Rag’n’Bone Man


Rory Graham, better known by his moniker Rag’n’Bone Man, has a voice that is nigh indescribable. Saying it’s booming and soulful with an ability to fluctuate from high peaks to powerful tenor would be underselling it. For proof, one need only listen to his hit single “Human,” or any of the songs off his debut album of the same name, released in February 2017 by Sony.

Shockingly, it took the affirmation of strangers at an open mic for Graham, who was born in Uckfield, England, to realize that he could really belt it. “I used to sing as a kid but it was quite squeaky,” he tells us. “I think I was about 19 or 20 and we used to go to these jam sessions and open mics.

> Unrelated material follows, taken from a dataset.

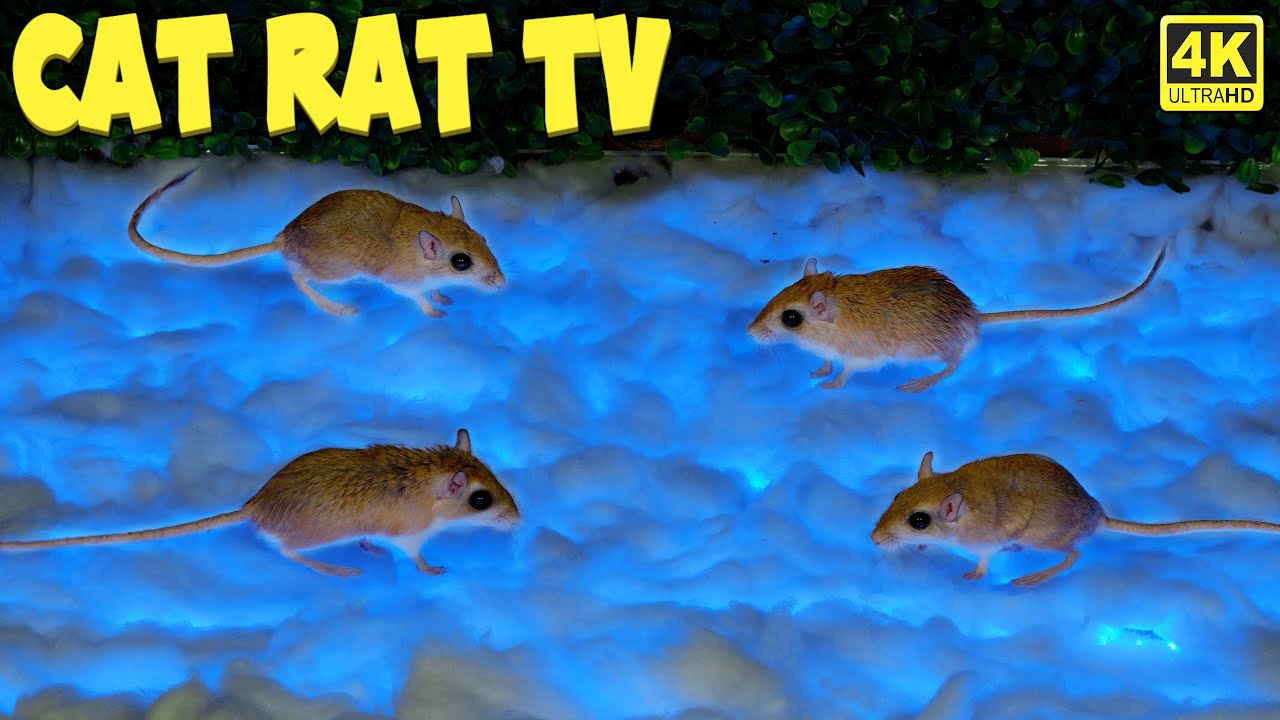 Cat Rat TV | Real Mouse For Cats To Watch Ultimate CAT Games | Entertainment Video For Cats 4k
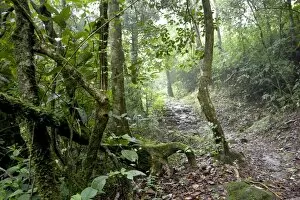 Shola forest interior, Eravikulam National Park, Kerala, India, Asia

I just got the courage to sing one day. I don’t think anyone expected it to sound like that. Lots of dudes were coming up to me like, ‘Dude, you don’t know how good your voice is.’ I knew it was in tune but I didn’t know there was anything special about it,” he continues. “It literally took that one time and then I knew the stage was where I was going to be.”

The song Graham sang was the blues classic “Me and the Devil Blues” by Robert Johnson, which makes sense given how often he draws from the genre to compliment his deeply emotional, at times gruff vocals. In more recent years as Rag’n’Bone Man, he’s steadily built a catalogue and some steam with various EPs, but it wasn’t until the electronic soul-gospel-blues LP Human that he really broke through.  

In the midst of a world tour—including a stop at New York’s soon-to-be-renovated Webster Hall next Tuesday, August 2—Rag’n’Bone Man spoke to Interview about how he knew he was becoming famous, recording tapes in a bathroom, and his former career as a carer.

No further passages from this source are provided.